= Task objective =
Within the material below, filter for lines that hold the word "hardwood".

= Records shown =
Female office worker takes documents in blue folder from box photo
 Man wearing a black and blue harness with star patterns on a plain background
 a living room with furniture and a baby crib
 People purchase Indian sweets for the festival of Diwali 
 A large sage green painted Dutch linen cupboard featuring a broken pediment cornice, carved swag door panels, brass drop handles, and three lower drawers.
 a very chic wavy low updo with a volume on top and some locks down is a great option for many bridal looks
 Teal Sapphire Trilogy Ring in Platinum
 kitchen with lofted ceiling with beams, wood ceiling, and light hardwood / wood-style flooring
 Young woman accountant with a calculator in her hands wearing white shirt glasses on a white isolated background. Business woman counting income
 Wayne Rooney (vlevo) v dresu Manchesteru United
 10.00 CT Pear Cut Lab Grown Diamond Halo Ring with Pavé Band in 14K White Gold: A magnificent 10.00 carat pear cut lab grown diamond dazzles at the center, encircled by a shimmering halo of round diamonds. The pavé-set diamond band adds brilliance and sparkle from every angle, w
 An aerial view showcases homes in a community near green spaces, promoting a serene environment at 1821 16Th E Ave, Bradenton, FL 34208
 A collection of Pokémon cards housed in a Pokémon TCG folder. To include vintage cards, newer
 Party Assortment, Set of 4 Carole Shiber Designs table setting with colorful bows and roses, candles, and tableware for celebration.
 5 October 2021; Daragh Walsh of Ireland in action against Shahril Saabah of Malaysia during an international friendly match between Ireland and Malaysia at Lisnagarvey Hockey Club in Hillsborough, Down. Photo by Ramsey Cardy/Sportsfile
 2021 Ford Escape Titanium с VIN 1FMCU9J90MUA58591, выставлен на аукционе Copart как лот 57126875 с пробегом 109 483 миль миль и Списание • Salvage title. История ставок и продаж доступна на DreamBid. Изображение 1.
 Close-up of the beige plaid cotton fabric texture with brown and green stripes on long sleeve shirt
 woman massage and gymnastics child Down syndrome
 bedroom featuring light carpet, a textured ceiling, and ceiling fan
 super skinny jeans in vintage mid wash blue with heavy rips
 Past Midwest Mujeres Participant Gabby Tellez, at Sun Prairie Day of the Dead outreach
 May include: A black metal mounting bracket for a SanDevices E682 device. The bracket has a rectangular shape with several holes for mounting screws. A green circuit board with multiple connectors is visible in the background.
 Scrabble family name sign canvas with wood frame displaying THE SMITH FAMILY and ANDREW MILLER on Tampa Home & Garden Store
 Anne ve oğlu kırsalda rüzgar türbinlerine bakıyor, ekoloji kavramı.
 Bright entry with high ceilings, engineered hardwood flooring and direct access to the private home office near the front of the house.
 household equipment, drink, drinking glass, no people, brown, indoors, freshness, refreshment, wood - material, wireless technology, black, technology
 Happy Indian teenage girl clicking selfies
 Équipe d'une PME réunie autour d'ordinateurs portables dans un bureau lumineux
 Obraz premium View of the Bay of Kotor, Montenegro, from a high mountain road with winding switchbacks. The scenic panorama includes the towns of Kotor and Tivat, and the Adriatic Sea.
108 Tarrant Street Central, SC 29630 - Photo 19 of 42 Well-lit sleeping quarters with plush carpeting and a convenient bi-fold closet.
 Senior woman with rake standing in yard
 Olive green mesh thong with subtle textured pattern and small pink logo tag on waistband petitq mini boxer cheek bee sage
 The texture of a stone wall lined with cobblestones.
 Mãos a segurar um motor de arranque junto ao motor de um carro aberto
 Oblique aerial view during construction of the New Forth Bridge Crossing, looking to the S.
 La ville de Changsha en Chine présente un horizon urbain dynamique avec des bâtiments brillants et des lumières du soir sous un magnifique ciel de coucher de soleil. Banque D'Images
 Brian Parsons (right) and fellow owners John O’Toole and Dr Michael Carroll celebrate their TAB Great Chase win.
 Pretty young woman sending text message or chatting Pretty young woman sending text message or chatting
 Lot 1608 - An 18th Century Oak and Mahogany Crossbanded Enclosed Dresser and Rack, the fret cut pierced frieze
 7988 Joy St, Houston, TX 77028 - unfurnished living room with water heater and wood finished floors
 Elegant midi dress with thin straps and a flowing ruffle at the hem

= Task response =
 kitchen with lofted ceiling with beams, wood ceiling, and light hardwood / wood-style flooring
 Bright entry with high ceilings, engineered hardwood flooring and direct access to the private home office near the front of the house.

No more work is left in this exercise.